*** SUPPLIED ENTRIES ***

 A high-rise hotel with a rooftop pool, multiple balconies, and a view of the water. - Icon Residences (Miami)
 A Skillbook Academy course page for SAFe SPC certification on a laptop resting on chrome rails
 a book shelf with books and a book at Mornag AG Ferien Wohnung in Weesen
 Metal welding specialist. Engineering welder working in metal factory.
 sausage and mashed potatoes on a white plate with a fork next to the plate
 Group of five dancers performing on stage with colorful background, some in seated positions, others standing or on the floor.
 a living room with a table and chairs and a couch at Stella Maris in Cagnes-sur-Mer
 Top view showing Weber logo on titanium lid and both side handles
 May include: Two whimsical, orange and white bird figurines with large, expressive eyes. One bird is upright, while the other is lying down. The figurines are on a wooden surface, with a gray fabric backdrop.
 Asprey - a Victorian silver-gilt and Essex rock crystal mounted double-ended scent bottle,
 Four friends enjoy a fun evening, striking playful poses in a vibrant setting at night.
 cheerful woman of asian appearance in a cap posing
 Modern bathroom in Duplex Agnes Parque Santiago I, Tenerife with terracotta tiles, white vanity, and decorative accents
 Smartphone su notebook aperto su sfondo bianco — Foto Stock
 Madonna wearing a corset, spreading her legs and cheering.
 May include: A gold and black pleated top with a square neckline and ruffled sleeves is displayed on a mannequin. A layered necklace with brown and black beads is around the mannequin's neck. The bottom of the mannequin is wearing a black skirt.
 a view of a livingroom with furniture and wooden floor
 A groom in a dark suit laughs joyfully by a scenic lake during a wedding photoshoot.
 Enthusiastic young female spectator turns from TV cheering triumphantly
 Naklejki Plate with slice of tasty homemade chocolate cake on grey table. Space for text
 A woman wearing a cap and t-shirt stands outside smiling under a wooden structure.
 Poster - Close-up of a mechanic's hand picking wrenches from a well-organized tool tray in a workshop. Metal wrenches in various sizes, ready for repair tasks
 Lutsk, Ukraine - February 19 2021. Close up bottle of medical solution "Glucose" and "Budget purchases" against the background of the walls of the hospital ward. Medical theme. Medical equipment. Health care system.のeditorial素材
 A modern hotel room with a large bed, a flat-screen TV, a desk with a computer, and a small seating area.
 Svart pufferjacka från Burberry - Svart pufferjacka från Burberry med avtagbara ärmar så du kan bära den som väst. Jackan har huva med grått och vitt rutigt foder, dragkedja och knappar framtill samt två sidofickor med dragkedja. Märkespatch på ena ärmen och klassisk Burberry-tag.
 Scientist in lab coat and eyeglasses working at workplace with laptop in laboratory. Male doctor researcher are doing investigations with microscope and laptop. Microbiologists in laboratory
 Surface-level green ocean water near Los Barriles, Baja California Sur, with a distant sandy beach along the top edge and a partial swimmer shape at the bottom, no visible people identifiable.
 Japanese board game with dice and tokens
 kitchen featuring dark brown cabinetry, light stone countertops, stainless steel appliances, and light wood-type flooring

*** End of SUPPLIED ENTRIES ***

EXERCISE DIRECTIONS.
Would you retype exactly the lines above, from the line with "Poster - Close-up" to the line with "Lutsk, Ukraine - February", with both end lines kept and nothing more?

RESPONSE.
 Poster - Close-up of a mechanic's hand picking wrenches from a well-organized tool tray in a workshop. Metal wrenches in various sizes, ready for repair tasks
 Lutsk, Ukraine - February 19 2021. Close up bottle of medical solution "Glucose" and "Budget purchases" against the background of the walls of the hospital ward. Medical theme. Medical equipment. Health care system.のeditorial素材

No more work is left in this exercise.